» **PROBLEM TO SOLVE**:
All of the lines below need to be copied exactly, apart from the pictures.

(TASK INPUT Opens)

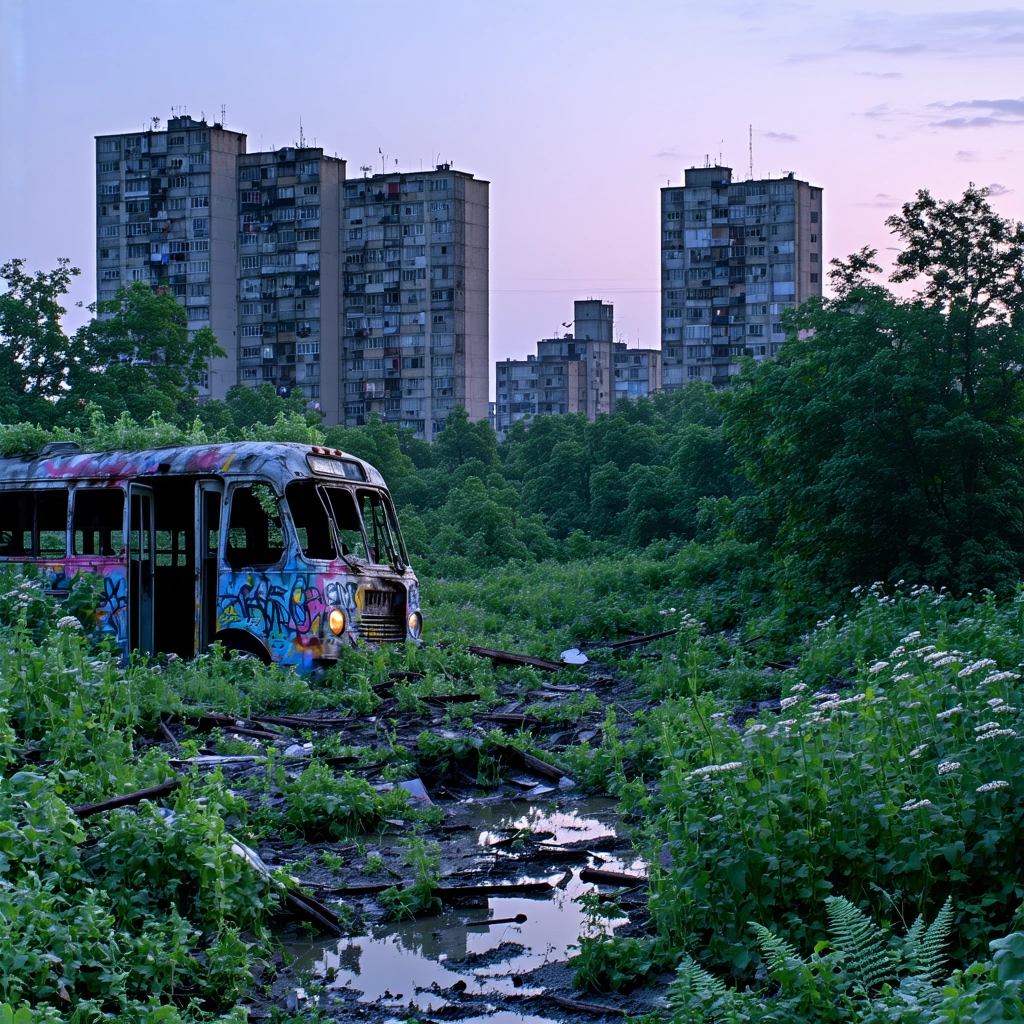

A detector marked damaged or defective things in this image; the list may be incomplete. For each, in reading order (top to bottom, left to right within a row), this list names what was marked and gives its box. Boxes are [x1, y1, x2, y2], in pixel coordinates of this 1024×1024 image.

shattered window [226, 484, 284, 572]
abandoned graffiti bus [0, 440, 420, 672]
broken wooden debris [466, 648, 564, 672]
broken wooden debris [74, 780, 180, 820]
broken wooden debris [580, 864, 644, 888]
broken wooden debris [552, 992, 624, 1016]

(TASK INPUT Closes)

» **EXPECTED OUTPUT**:
A detector marked damaged or defective things in this image; the list may be incomplete. For each, in reading order (top to bottom, left to right within a row), this list names what was marked and gives its box. Boxes are [x1, y1, x2, y2], in pixel coordinates of this 1024×1024 image.

shattered window [226, 484, 284, 572]
abandoned graffiti bus [0, 440, 420, 672]
broken wooden debris [466, 648, 564, 672]
broken wooden debris [74, 780, 180, 820]
broken wooden debris [580, 864, 644, 888]
broken wooden debris [552, 992, 624, 1016]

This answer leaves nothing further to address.